However, these cases don’t trouble me as much as PINK FLAMINGOS, because I know all the torture and pain in the films are fake. When I automatically experience imaginary pain like this, I just tell myself, “It’s only a move. It’s only a movie. It’s only a movie.”, and then I can bear watching the scene further. But in the case of PINK FLAMINGOS, I couldn’t tell myself like that, because I knew the excrement was real.

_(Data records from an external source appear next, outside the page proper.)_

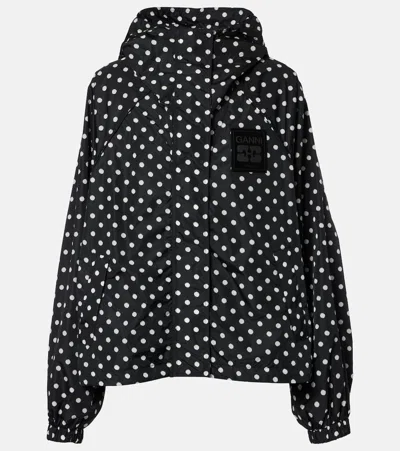 Ganni Flyweight Banana Graphic Long Coat In Black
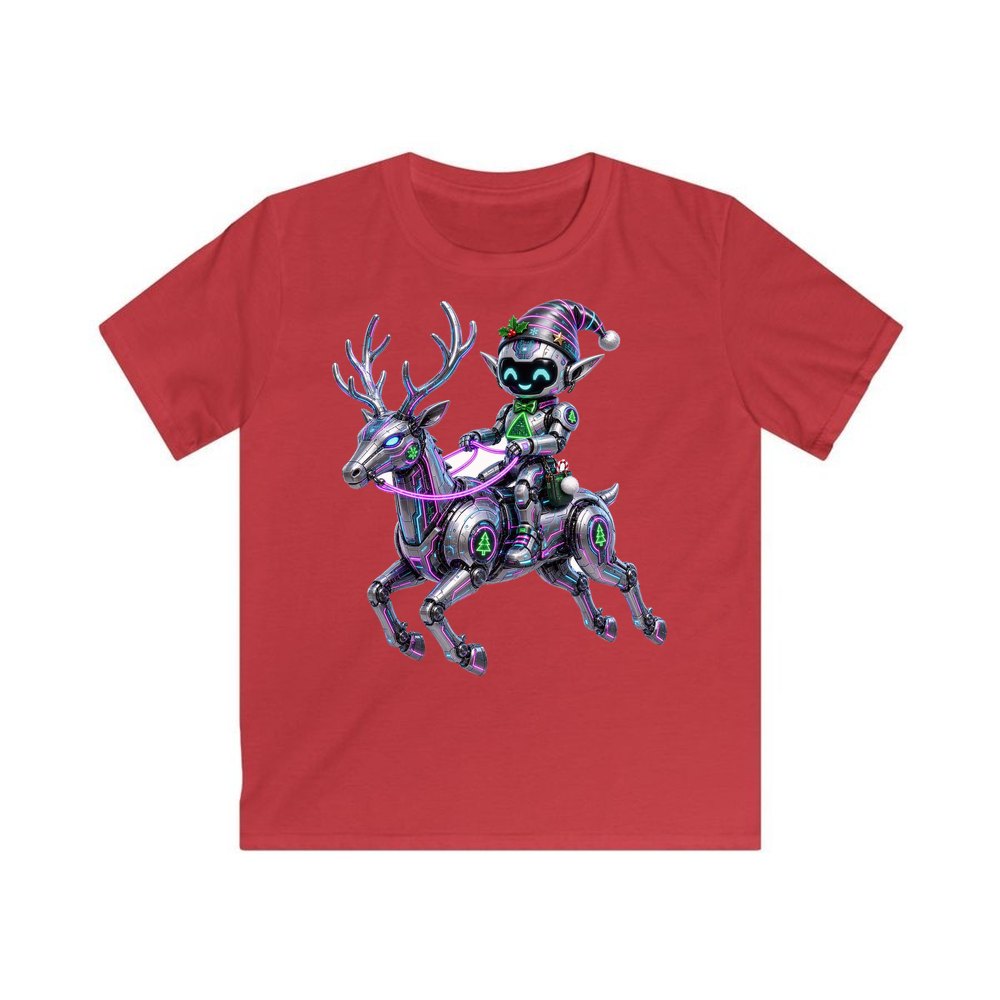 Robot Elf Riding Shotgun personalised kids Christmas tee in red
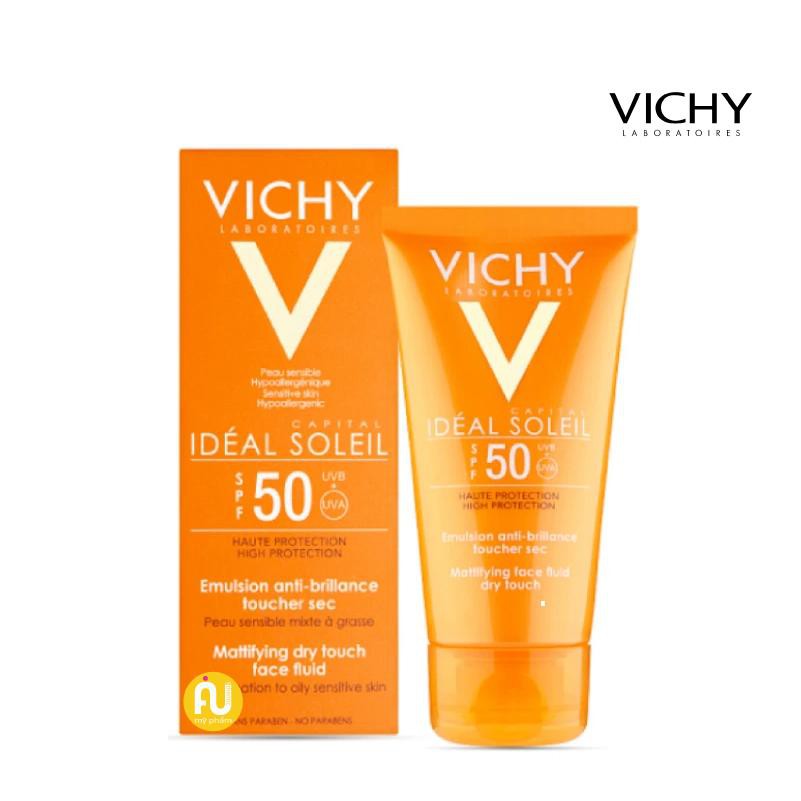 Set Kem Chống Nắng+kèm SON dưỡng chống nắng Pháp Vichy Ideal Soleil SPF50+ 50ml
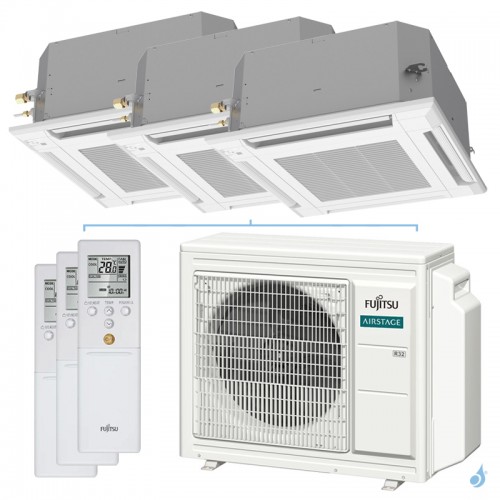 Climatiseur tri split FUJITSU Cassette KV AOEG24KBCA3 6.8kW tailles 20 + 20 + 35 AUXG07KVLA + AUXG07KVLA + AUXG12KVLA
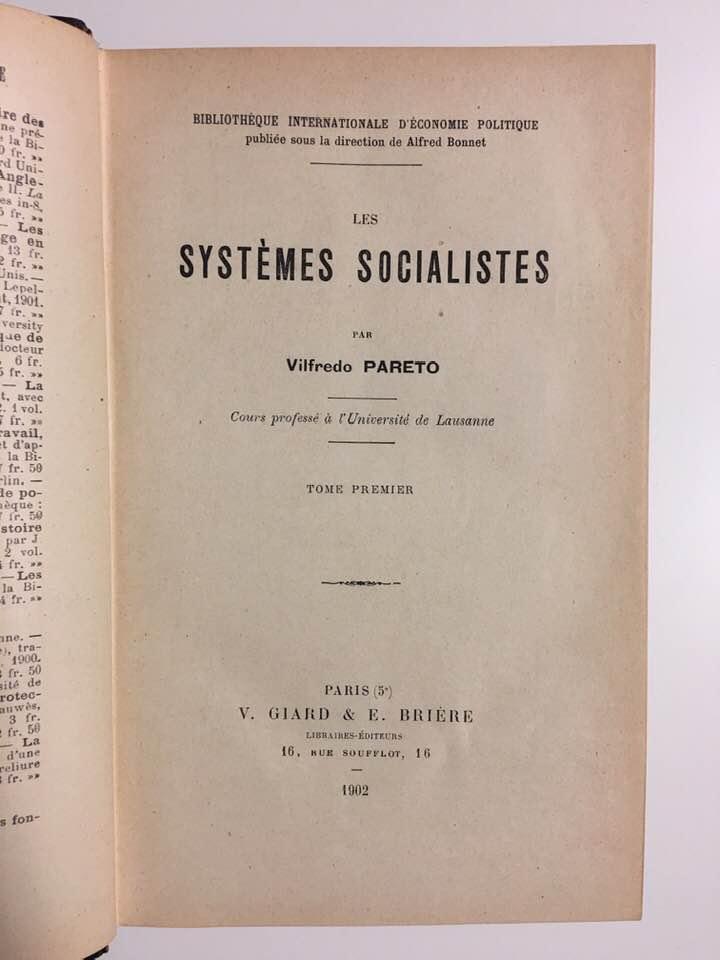 Les Systèmes Socialistes by PARETO, Vilfredo: Very Good Hardcover (1902 ...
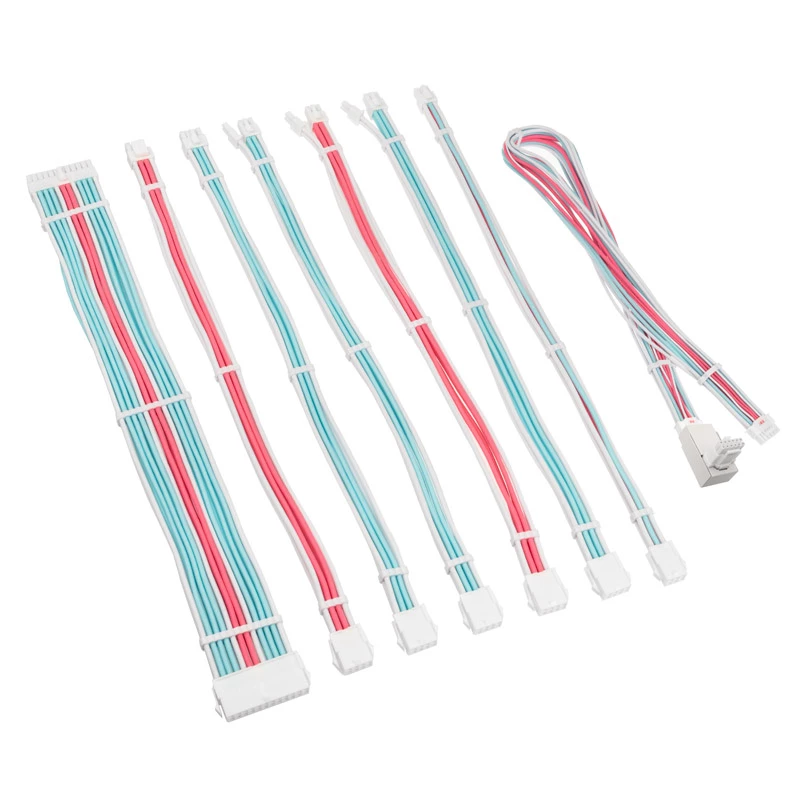 Kabeļa/adaptera komplekts Kolink Core Pro 12V-2x6 Type 2 pīts pagarinātājs — Spilgti balts/Neon zils/Tīrs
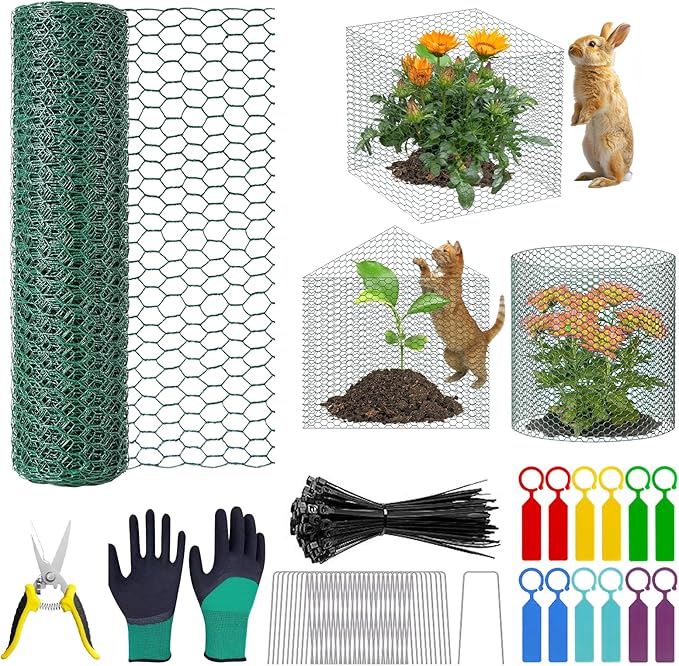 39.4ft x16In Plant Protectors from Animals, Plant Cages for Outdoor Plants, Wire Plant Protector Cage,Chicken Wire Cloche with Gloves, Plier, Ground Stakes & Nylon Ties Protect Plants from Animals ﻿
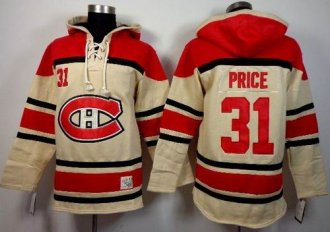 Montreal Canadiens #31 Carey Price Cream Sawyer Hooded Sweatshirt Stitched NHL Jersey Montreal Canadiens #31 Carey Price Cream Sawyer Hooded Sweatshirt Stitched NHL Jersey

I also wonder why some films automatically make me suffer the imaginary pain, but some horror films which have brutal scenes don’t affect me like that. Films which automatically make me suffer the imaginary pain include PAIN (1994, Eric Khoo), SALO OR 120 DAYS OF SODOM, EXTASE DE CHAIR BRISEE (2005, Pierre-Luc Vallencourt + Frederik Maheux), and AND THE MOON DANCES (1995, Garin Nugroho), which has a scene in which the female protagonist does something with a needle. For this group of films, I had to repeat to myself that it was only a movie in order to be able to keep on watching the scene. But films such as SAW, SEE NO EVIL, or THE BEYOND (1981, Lucio Fulci), which depict some cruel things, don’t affect me like that.


1 Comment »

  1. This is my reply to Matthew Hunt in my bilingual blog:

    Yeah, I think SALO is harder to watch for me, too, because I felt so bad for all the fictional victims in this film. The excrement eating in SALO is involuntary, while the excrement eating in PINK FLAMINGOS and KANG KOW DUD KLUOY (BANANA-SUCKING BAT) (2001, Kullachart Jitkajornwanit + Benjamin Traipipat) is voluntary, so the humour in these two scenes may help lessen the feeling of disgust. I think the scene which comes in the middle of these two opposites may be the excrement eating scene in 13 BELOVED (2006, Chookiat Sakvirakul), because the eating here is half-voluntary. The protagonist chooses to eat it, because he wants money.

    I hope you are not eating some food while you are reading this. Hahaha.